Assigned task
Using only the entries below, copy exactly the lines that begin at the one with "Est Hotel Hotels" and end at the one with "4814 Daisy Road", both included. Drop the pictures.

Supplied data
—————
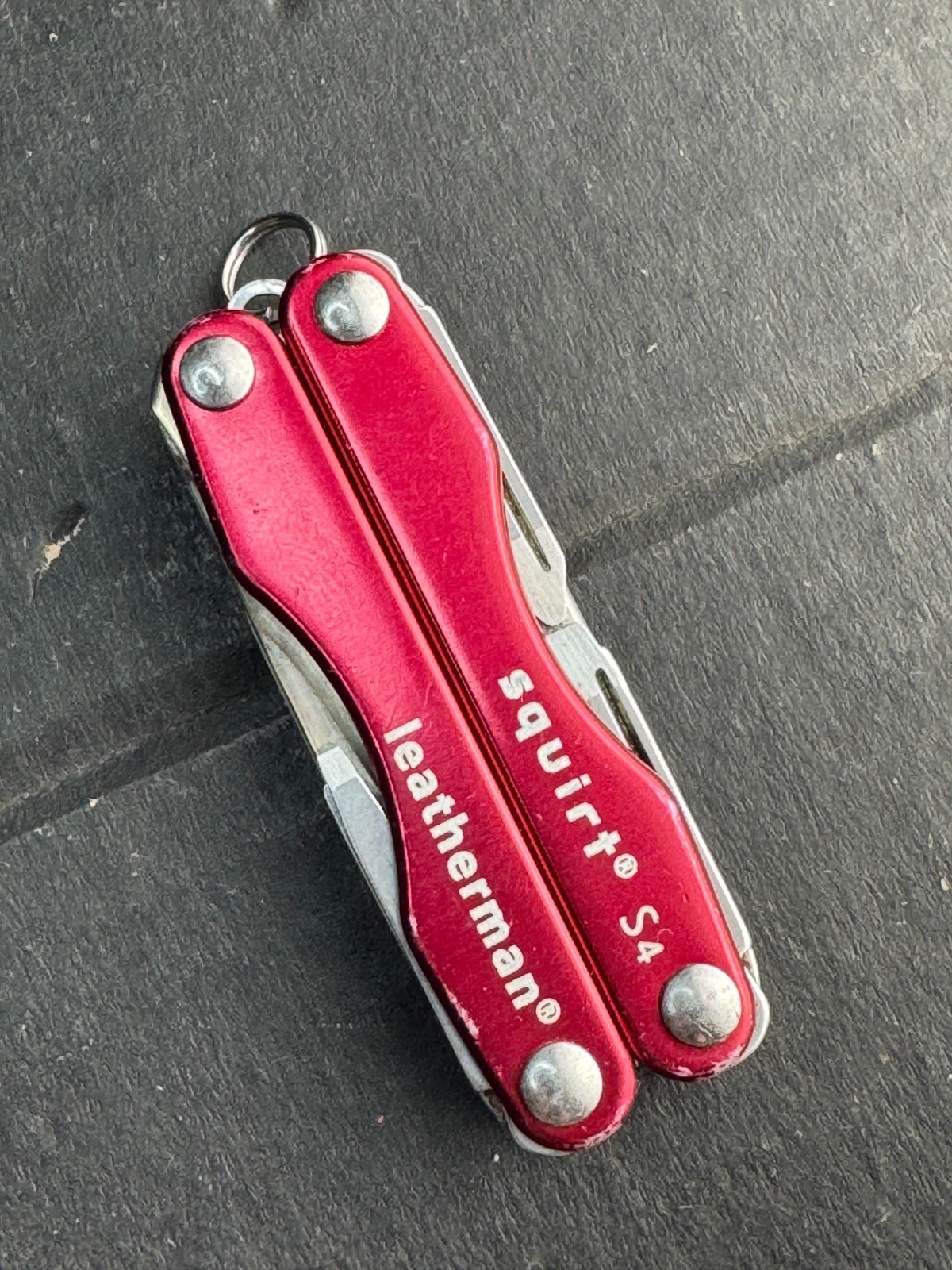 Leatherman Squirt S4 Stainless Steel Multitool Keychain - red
—————
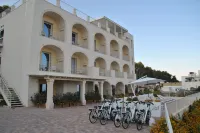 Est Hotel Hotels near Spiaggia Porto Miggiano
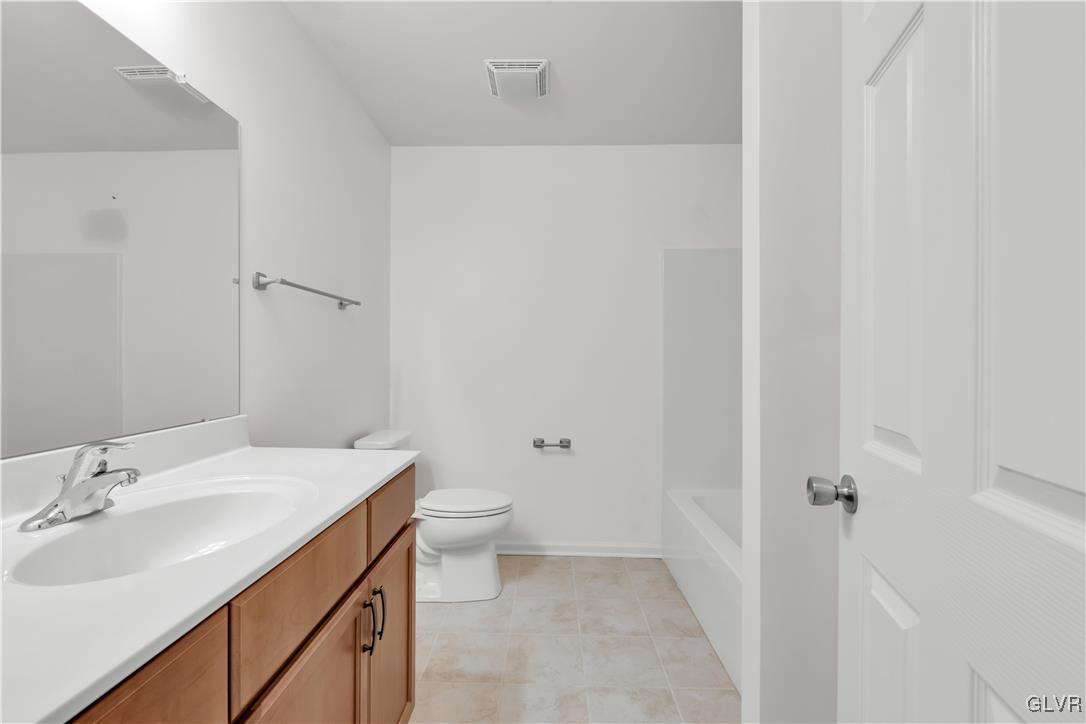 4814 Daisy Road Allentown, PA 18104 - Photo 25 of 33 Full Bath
—————
Reply to the task
 Est Hotel Hotels near Spiaggia Porto Miggiano
 4814 Daisy Road Allentown, PA 18104 - Photo 25 of 33 Full Bath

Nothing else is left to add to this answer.